The solution is to have a data structure separate from actions, which will store the latest state of entities like deals, companies, campaigns, and will connect to actions via properties like "deal id", "company id", "campaign id", etc.
Then, HockeyStack would allow you to pull the Deal_Qualified__c property from this separate data structure (which shows the new value of the property), instead of pulling it from the action itself (which shows the old value of the property). The value of Deal_Qualified__c = true would effectively be shared across multiple actions by connecting to this new data structure.
This data structure is called Shared Properties, and it is represented as below:
Key
The matching key that will be used to group multiple actions together
Value
The value of the matching key in those actions
Properties
The latest properties that are stored in relation to these actions
For example, both of the above actions have a property called “Deal Id”. So, HockeyStack creates a shared property with the key “Deal Id” to store the latest state of this opportunity. It looks like below:
Key | Value | Properties |
Deal Id | 321732 | Deal Id: 321732 Deal Name: Pied Piper - Upsell Deal Amount: $10,000 Deal Stage: POC Deal_Qualified__c: true Contact Id: 2467194 |
Now, whenever you are using any action relating to this deal, HockeyStack can use the latest state of the property. This is similar to the object-based model, in the sense that you are storing a special type of object with their latest properties. But the key differences are that 1- it will always be tied to an action, and 2- HockeyStack can store infinitely many shared properties without predefining what the shared properties are and what actual properties they have.
If you see any mention of Deal Properties, Company Properties, User Properties, etc. on the HockeyStack interface, this will refer to Shared Properties. Otherwise, if you see Action Properties, it will refer to the point-in-time properties of the interaction.
Shared properties can be tied to other shared properties.
Think of a contact that you have in your marketing automation tool. This can be represented with the below shared property:
Key | Value | Properties |
Contact Id | 2467194 | Contact Id: 2467194 Contact Name: John Smith Company Id: 5362 |
This contact is tied to a company with the id 5362. This can also be a shared property.

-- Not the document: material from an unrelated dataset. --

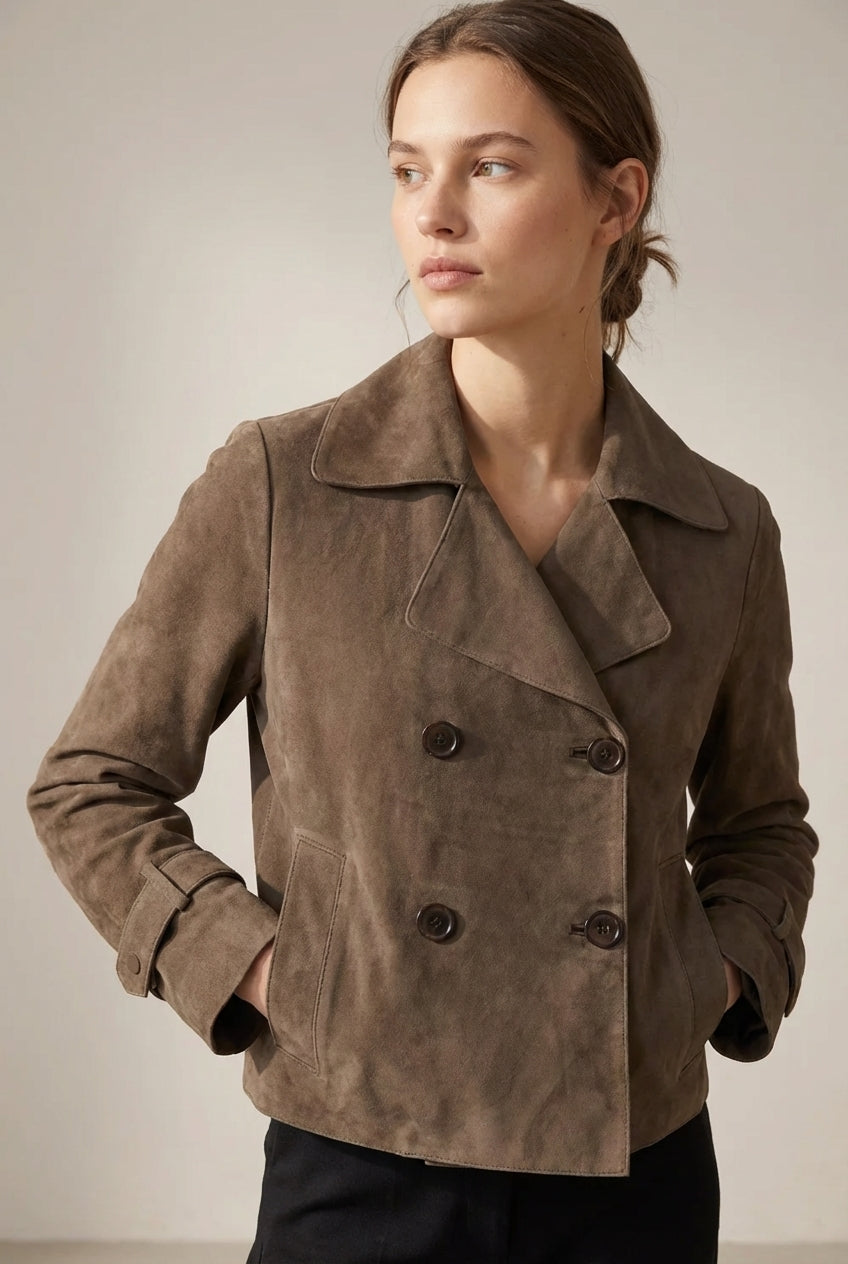 NOTYZ Kort trenchcoat i ruskind Jakker Brun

Key | Value | Properties |
Company Id | 5362 | Company Id: 5362 Company Name: Pied Piper, Inc. |
If a deal is tied to a contact, and a contact is tied to a company, then by proxy, that deal is tied to the company.
Similarly, if the deal is tied to a company, and the company has 20 different contacts tied to it, those 20 contacts’ actions can be analyzed in relation to the company.

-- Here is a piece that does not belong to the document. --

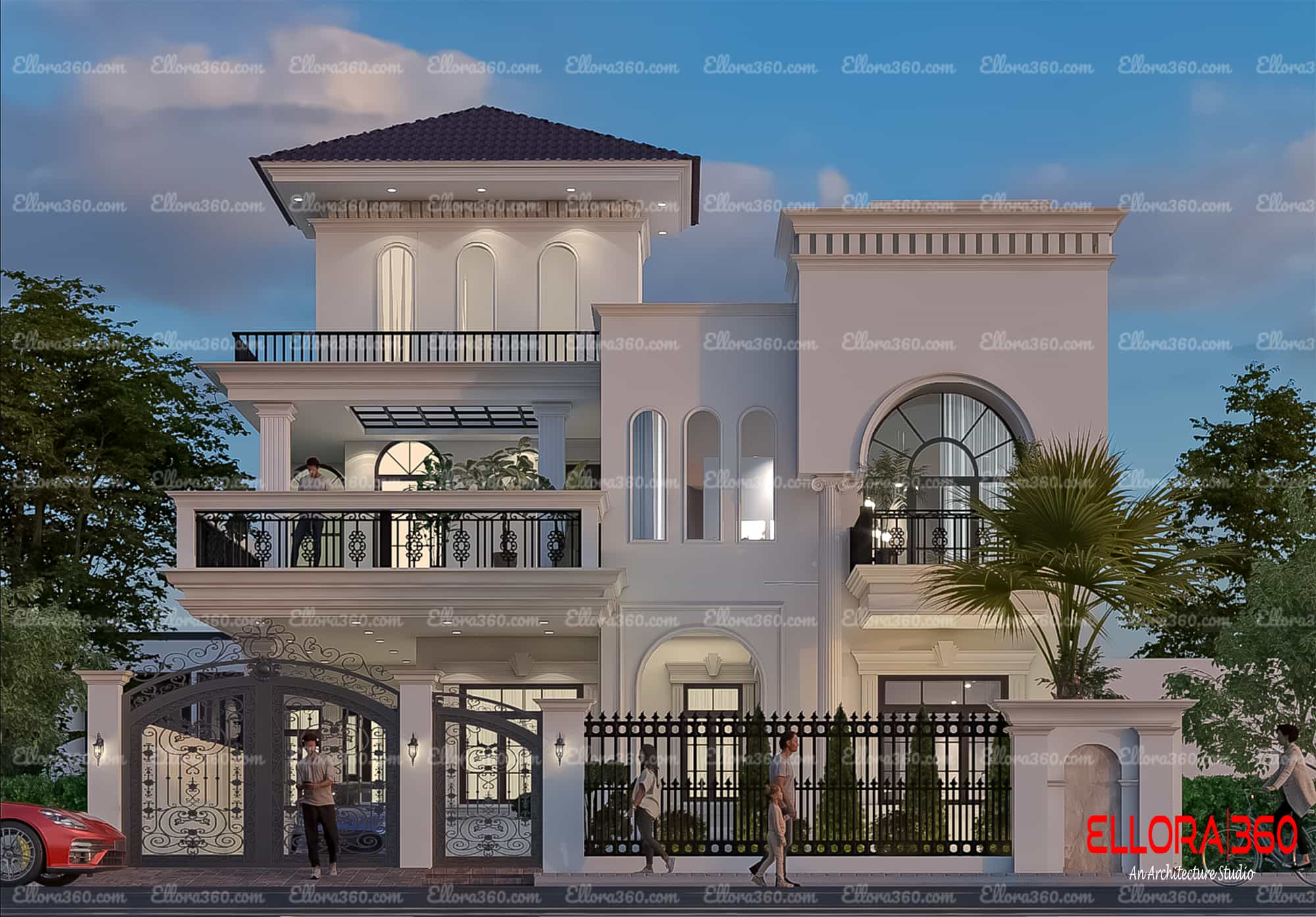 Classical house with big arched windows.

That’s why HockeyStack can really work well even with messy datasets that has duplicates and/or no defined relations.
There is one more data structure that is useful to learn about, which is the metadata structure.
The metadata structure is used to connect data into HockeyStack that cannot be put onto the account or individual timeline. The biggest example of this is the spend data that HockeyStack ingests. Spend data cannot be tracked at an individual or company level — it is tracked at the campaign level. Therefore, spend data cannot be placed on the timeline, but it is still useful for reporting purposes. If a datapoint cannot be put onto the timeline, it cannot live as an “action”.
Metadata has specific matching key with actions. For example, spend data has a set of UTMs, and it connects with the set of UTMs that come in through the website script. If you have any report that is broken down by UTM Source, you are able to pull in the Spend related to that UTM Source.